• **EXERCISE OBJECTIVE**
Please retype the records below exactly as they appear, leaving out every picture.

• **WORKING DATA**

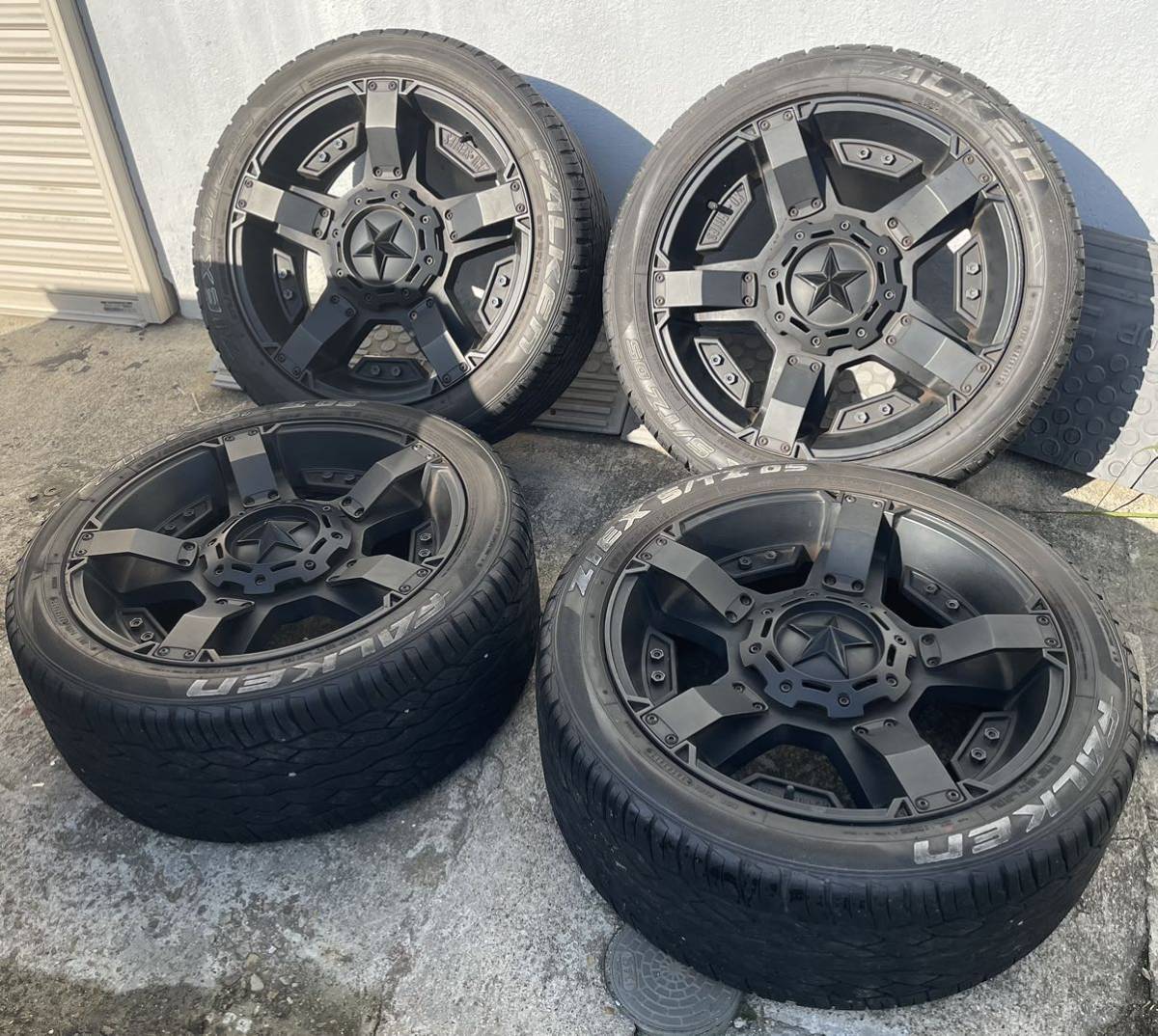 引き取り歓迎 KMC XD811 ROCKSTAR ロックスター 9JJ−11 20インチ 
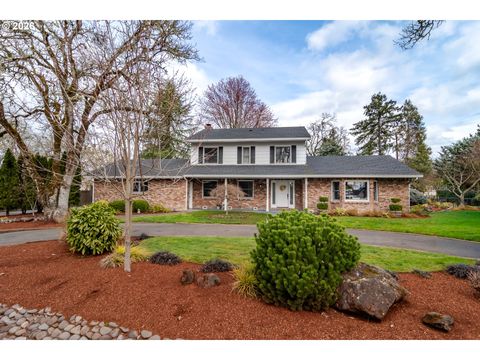 18 ROYAL OAKS DR Roseburg OR 97471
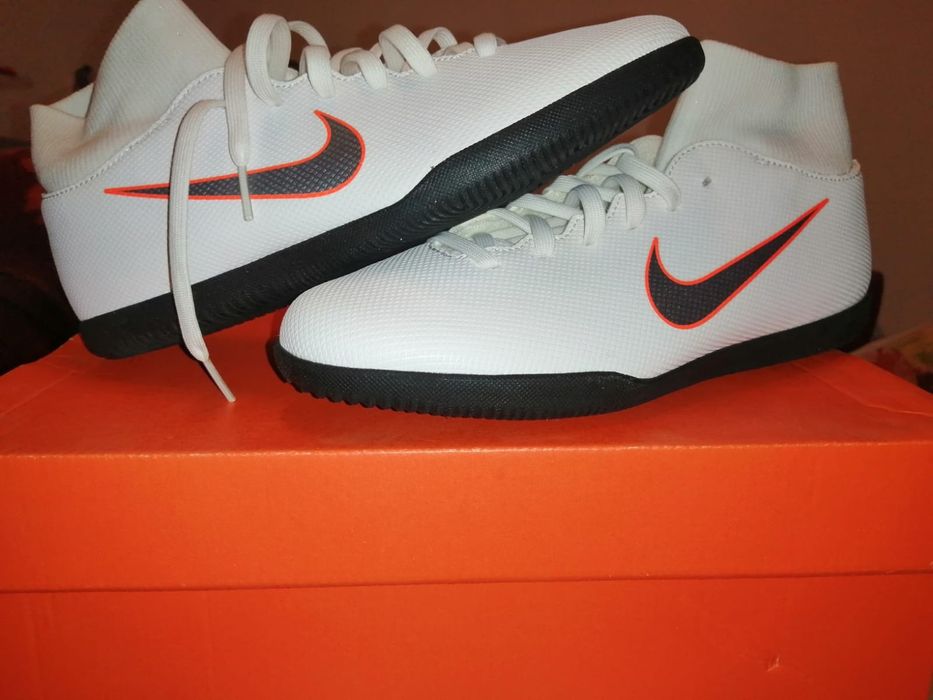Nike  fotbal în sala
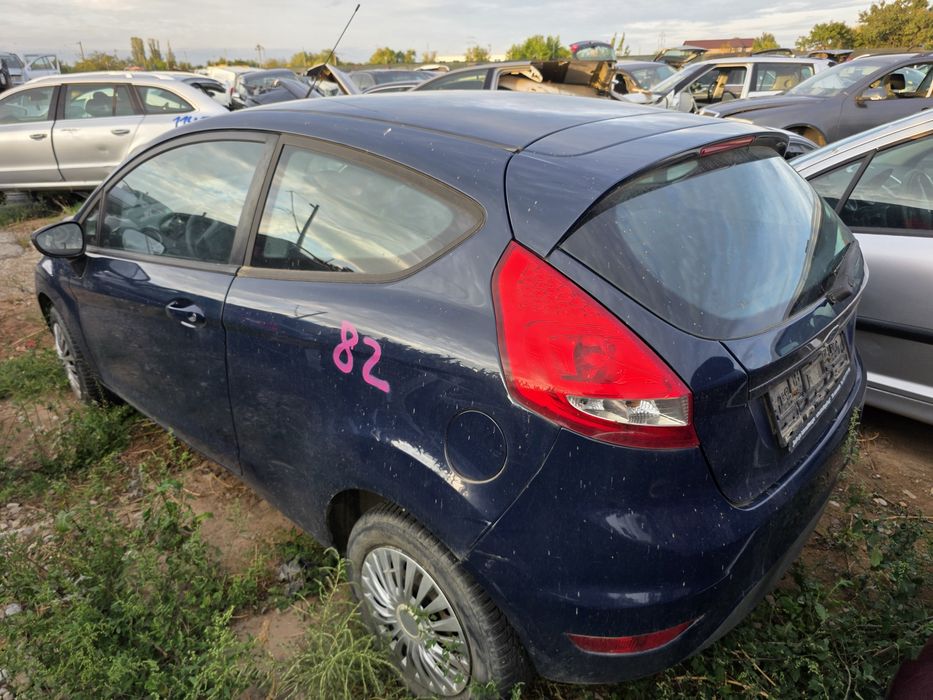 Dezmembrez Ford Fiesta 1.3i snjb 1.4 tdci 1.5tdci Piese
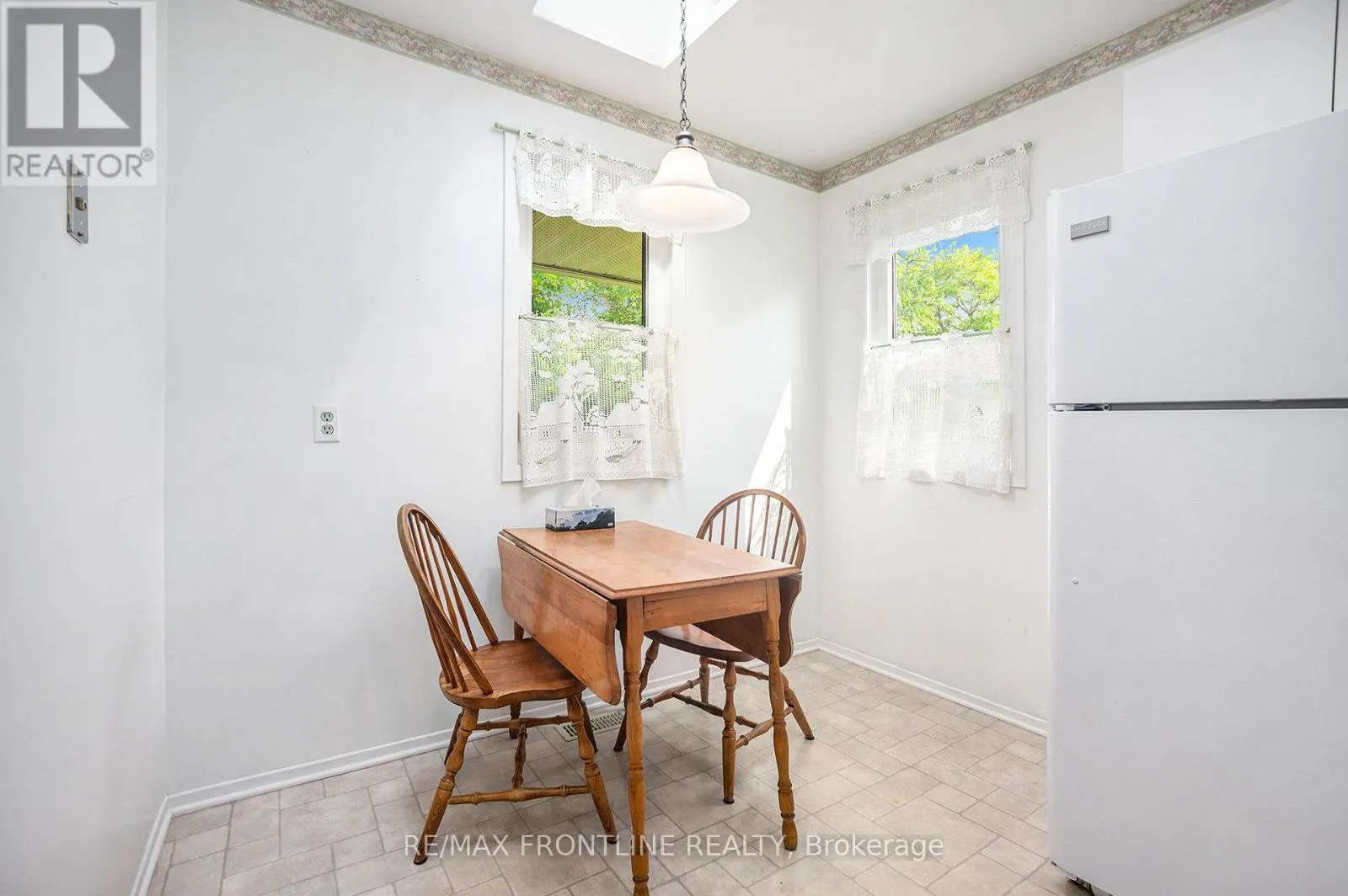 10 BATHURST ROAD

• **SOLUTION**
 引き取り歓迎 KMC XD811 ROCKSTAR ロックスター 9JJ−11 20インチ 
 18 ROYAL OAKS DR Roseburg OR 97471
Nike  fotbal în sala
 Dezmembrez Ford Fiesta 1.3i snjb 1.4 tdci 1.5tdci Piese
 10 BATHURST ROAD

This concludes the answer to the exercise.